● **Task directions**: Starting at the top of the entries below, write out each line up to and including the one containing "Now if you're". Leave the pictures out.

---------------

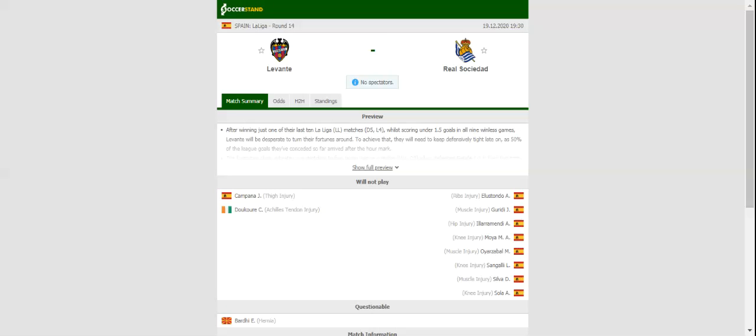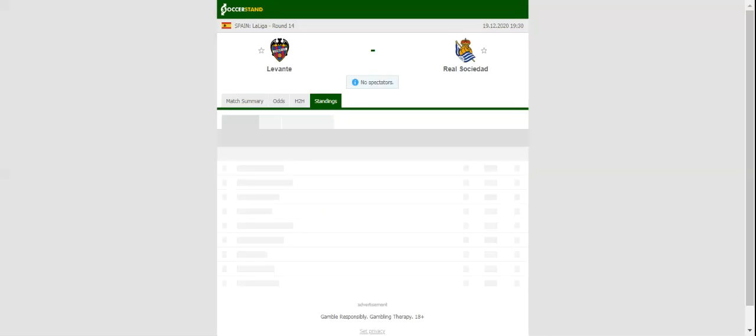Levante were on the verge of sharing the spoils with Barcelona at Camp Nou on match day 13, but Leo Messi's beautiful goal eventually helped the Catalan Giants pick up all three points from the match.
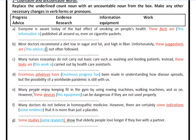Many people enjoy keeping fit in the gym by using rowing machines and so on. 'These devices' becomes 'this equipment' — it's a singular word, so change 'these' into 'this'. Many doctors don't believe in homeopathic medicine. However, there are certainly some indications — replace 'some indications' with 'some evidence'. Finally, 'some studies' is going to be replaced by 'some research'.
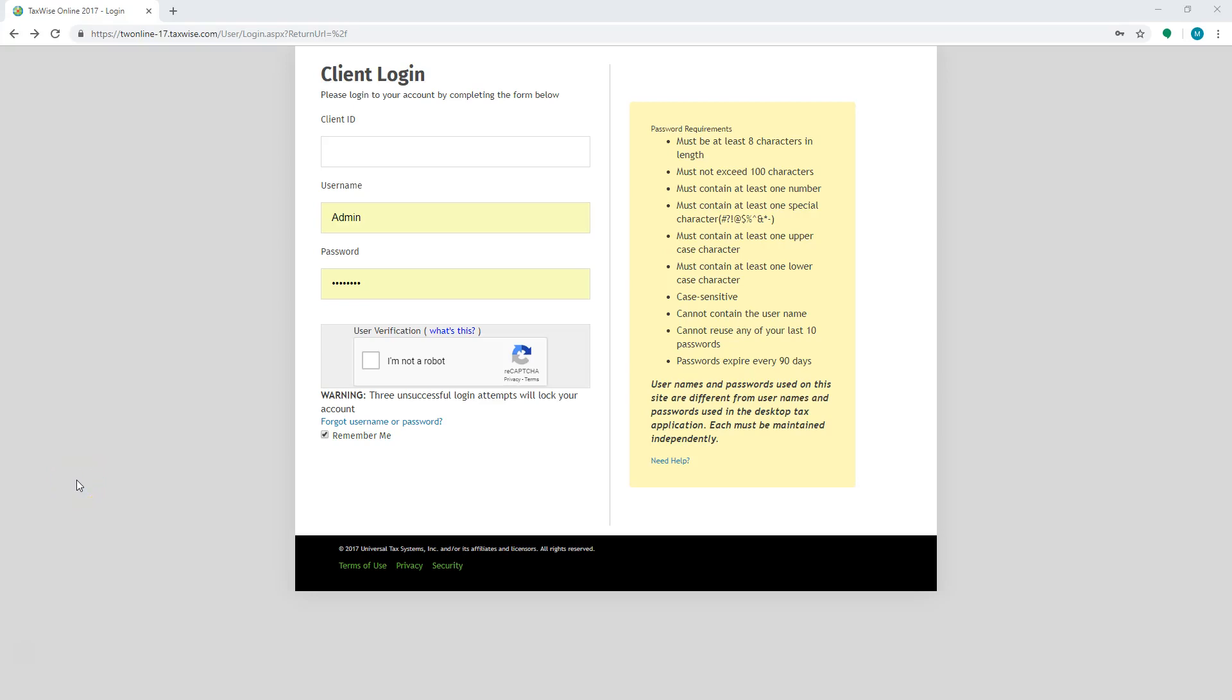Today I'm going to show you how to access prior year software. Each year has a different URL.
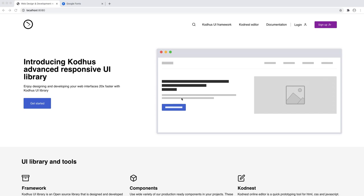Hello everyone, welcome to another very exciting video. Today I'm going to be showing you, as I promised, the progress of Codews.com and the Codews UI library. This is going to be the new version of Codews.com and we're pretty excited about it.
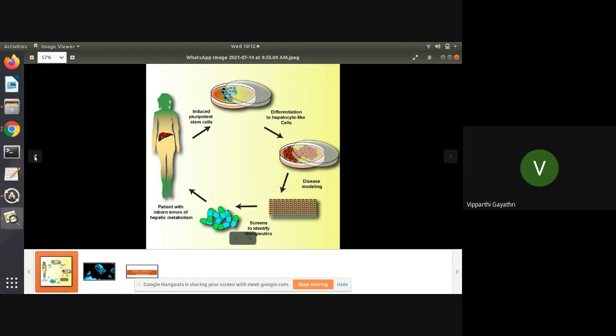Inherited metabolic disorders are individually rare but collectively numerous, causing substantial morbidity and mortality. They also result in psychological crises that challenge individual and familial modes of functioning across the life cycle. In that context, a panel discussion on the challenges and management of inborn errors of metabolism was organized by the Department of Biochemistry, College of Medicine.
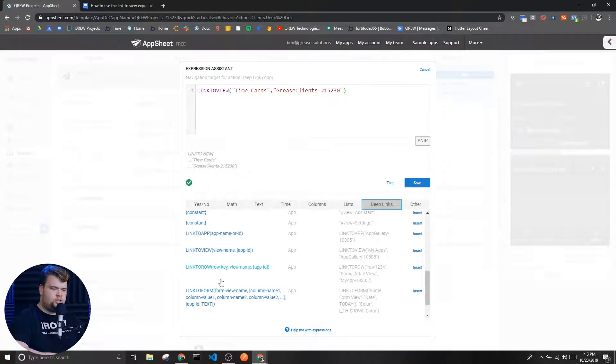Now if you're trying to go specifically to forms or detail views, there are other expressions that are going to be more useful to you — specifically the LINKTOROW expression or the LINKTOFORM expression. We have videos on those as well, which will also be in the description below.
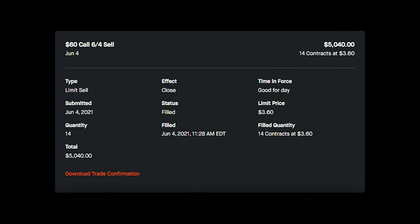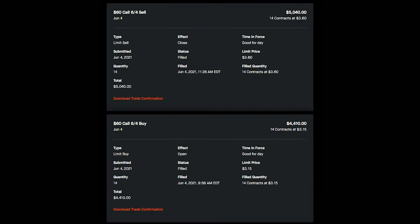I immediately placed a sell order to sell my 14 contracts at $3.60 per contract. About 90 minutes later, my options sold and paid me $5,040. This trade netted me $630. I purchased a call option with the strike price of $60, anticipating that AMC would increase in value over the next couple of hours.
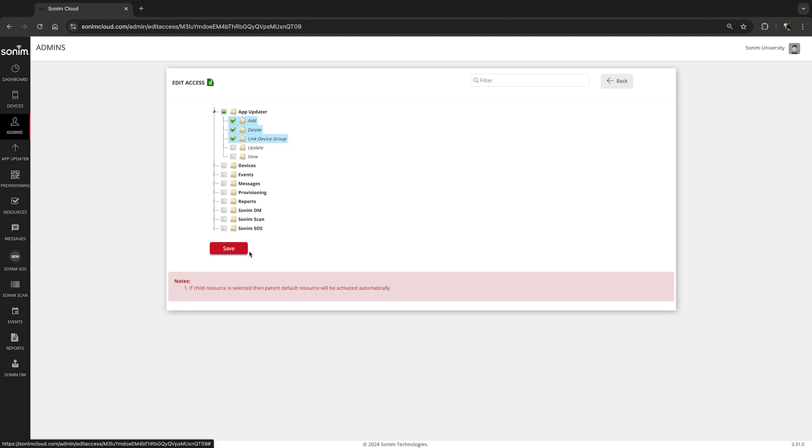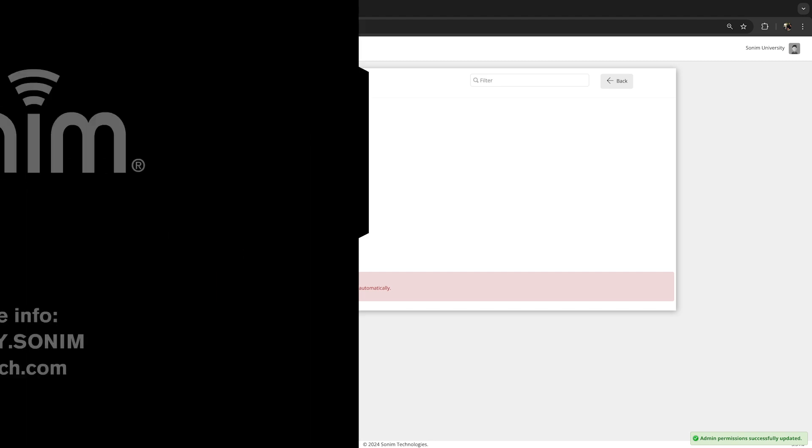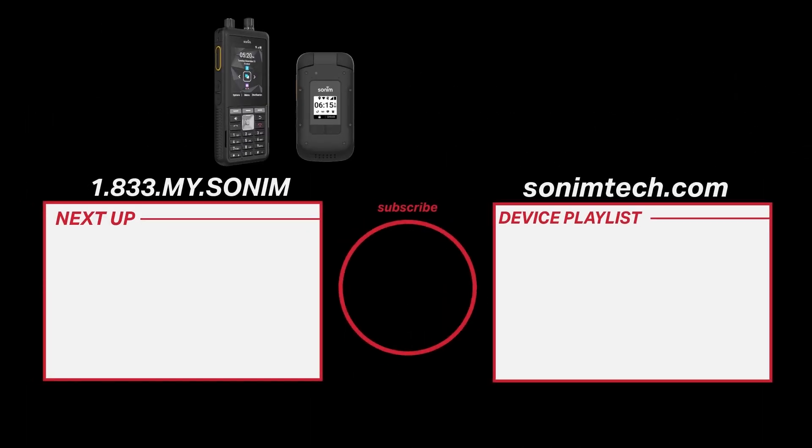Once complete, click the save button to update the changes. Thank you for watching. For more resources, visit sonumtech.com.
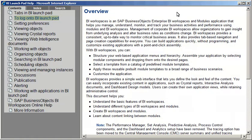On the Contents tab, we can browse through the topics in logical order. Let's look up how to log in to BI Launchpad.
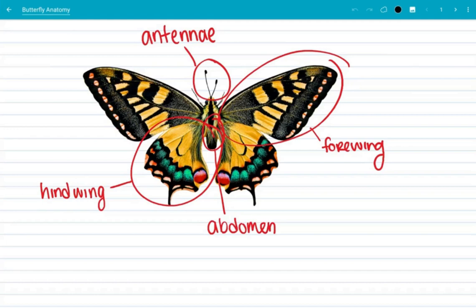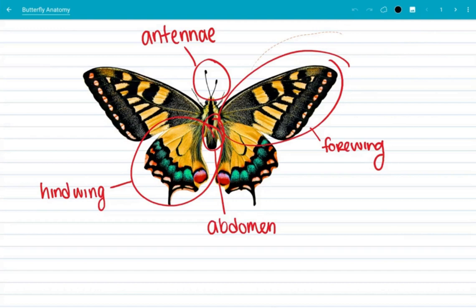Now, a couple gotchas to be aware of. When selecting text or an image, you have to select the entire object, including white space or invisible space. You cannot select parts of a text item or image.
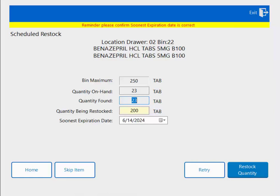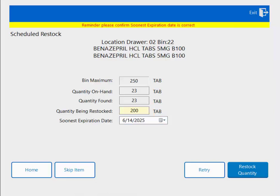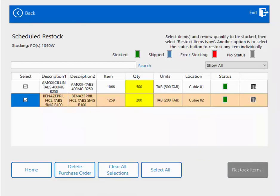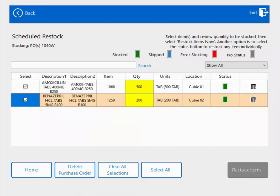Again, I have the quantity on hand. I can do a cycle count and change it if I need to. I'm restocking 200 tablets, or two bottles, and I'm going to update the expiration date. Once I've done all of that, I'm going to close my Qubex lid, close my drawer, and hit restock quantity. Now I'm taken back to the purchase order screen to confirm under the status column that I did in fact restock both of these items.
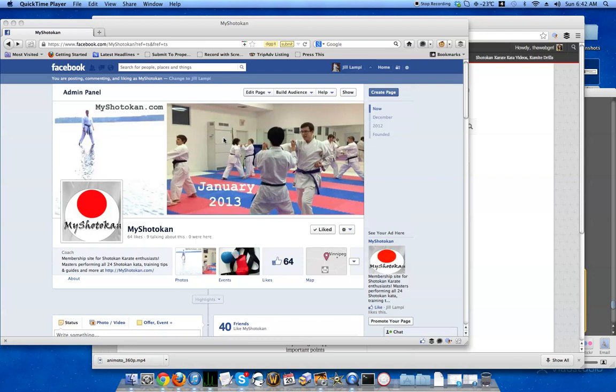Hi, this is Jill from myshodokan.com and in this video I'm going to take you through some of the recent changes for the myshodokan website.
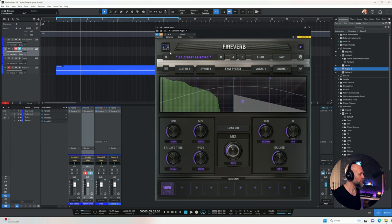Next up, number two is Yellow Synth. Let's check out the loop again dry and then turn this on.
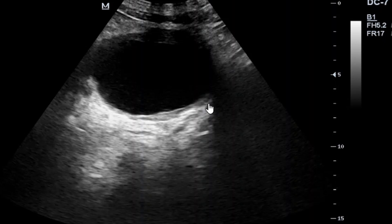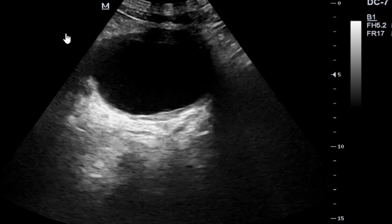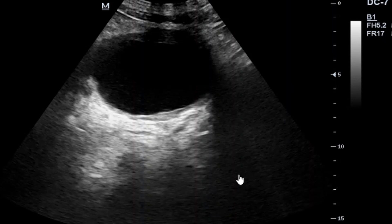Cystitis can be identified sonographically by a number of factors. You can see the thickening of the mucosal outline of the urinary bladder — the bladder walls can be thickened. At times you can also find internal echogenic particles in the urine. The infection can also spread to the kidneys, and when the entire system is affected we call that a urinary tract infection, or UTI.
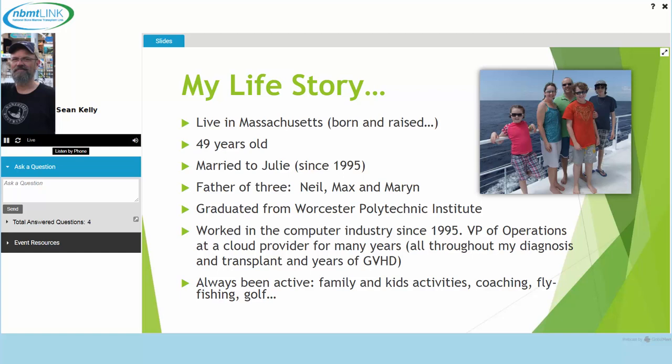My story: I'm currently 49 years old. I live in Massachusetts. I am married — my wife Julie has been with me through all this, thankfully. My kids Neil, Max, and Marin have been through as much if not more than me. It's been hard being a father and being married through all of this. One of the hardest things has been seeing what it's done to my family over the years, but I also know I couldn't have gotten through it without them.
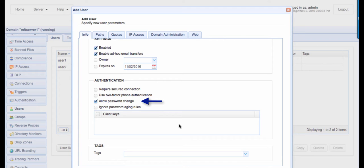You may also allow users to request a password change in case they forget their password. You may also choose this user account to ignore password aging rules. Lastly, you can also specify client keys. These are the keys used in two-factor authentication in protocols like SFTP.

---------------

● **Result of this exercise**:
Levante were on the verge of sharing the spoils with Barcelona at Camp Nou on match day 13, but Leo Messi's beautiful goal eventually helped the Catalan Giants pick up all three points from the match.
Many people enjoy keeping fit in the gym by using rowing machines and so on. 'These devices' becomes 'this equipment' — it's a singular word, so change 'these' into 'this'. Many doctors don't believe in homeopathic medicine. However, there are certainly some indications — replace 'some indications' with 'some evidence'. Finally, 'some studies' is going to be replaced by 'some research'.
Today I'm going to show you how to access prior year software. Each year has a different URL.
Hello everyone, welcome to another very exciting video. Today I'm going to be showing you, as I promised, the progress of Codews.com and the Codews UI library. This is going to be the new version of Codews.com and we're pretty excited about it.
Inherited metabolic disorders are individually rare but collectively numerous, causing substantial morbidity and mortality. They also result in psychological crises that challenge individual and familial modes of functioning across the life cycle. In that context, a panel discussion on the challenges and management of inborn errors of metabolism was organized by the Department of Biochemistry, College of Medicine.
Now if you're trying to go specifically to forms or detail views, there are other expressions that are going to be more useful to you — specifically the LINKTOROW expression or the LINKTOFORM expression. We have videos on those as well, which will also be in the description below.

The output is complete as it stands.